**Short web captions**.

----

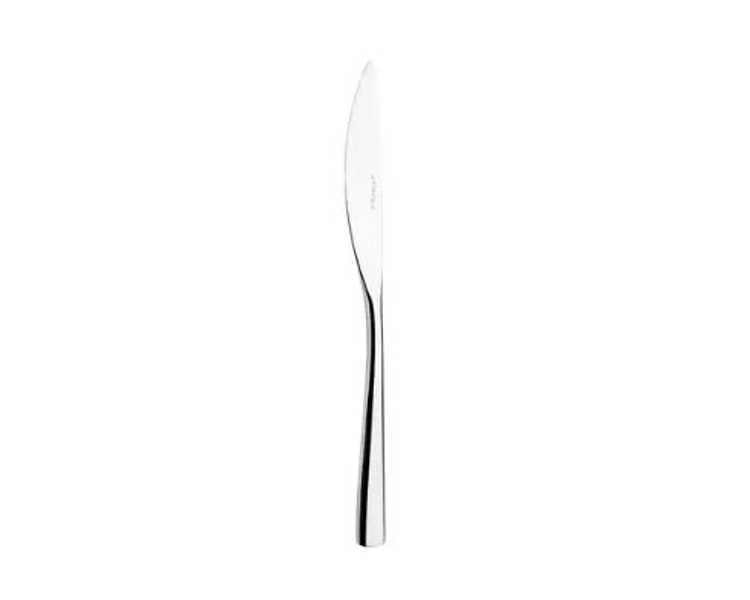 Angelina Dessert Knife 120/Ctn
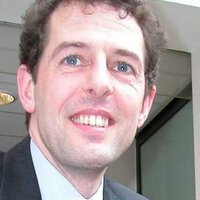 Coen Cransveld (@coencransveld) 's Twitter Profile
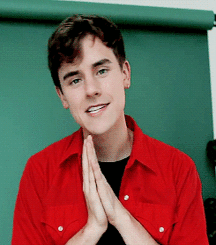 Mix of Pictures and Gifs No.36 594fd69300c1a.gif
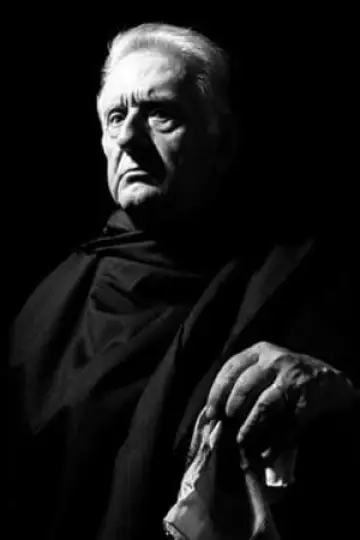 Zdjęcie Tonino Valerii #79613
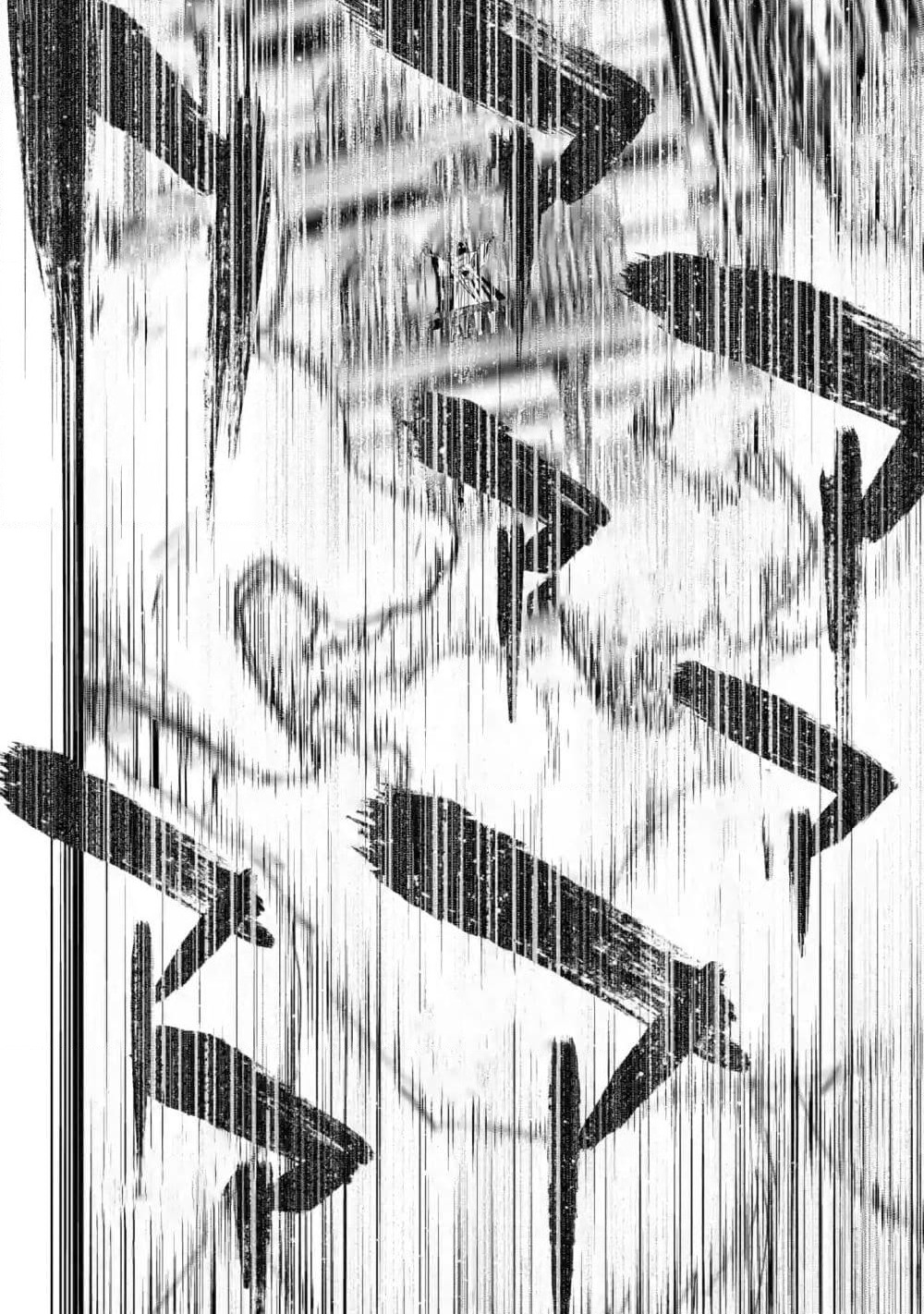 The Executed Sage Is Reincarnated as a Lich and Starts an All-Out War page 15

----

**What you need to do**. Set down again, exactly, the lines from the one with "Coen Cransveld (@coencransveld)" to the last line of the data, both included and pictures excluded.

**Expected answer**.
 Coen Cransveld (@coencransveld) 's Twitter Profile
 Mix of Pictures and Gifs No.36 594fd69300c1a.gif
 Zdjęcie Tonino Valerii #79613
 The Executed Sage Is Reincarnated as a Lich and Starts an All-Out War page 15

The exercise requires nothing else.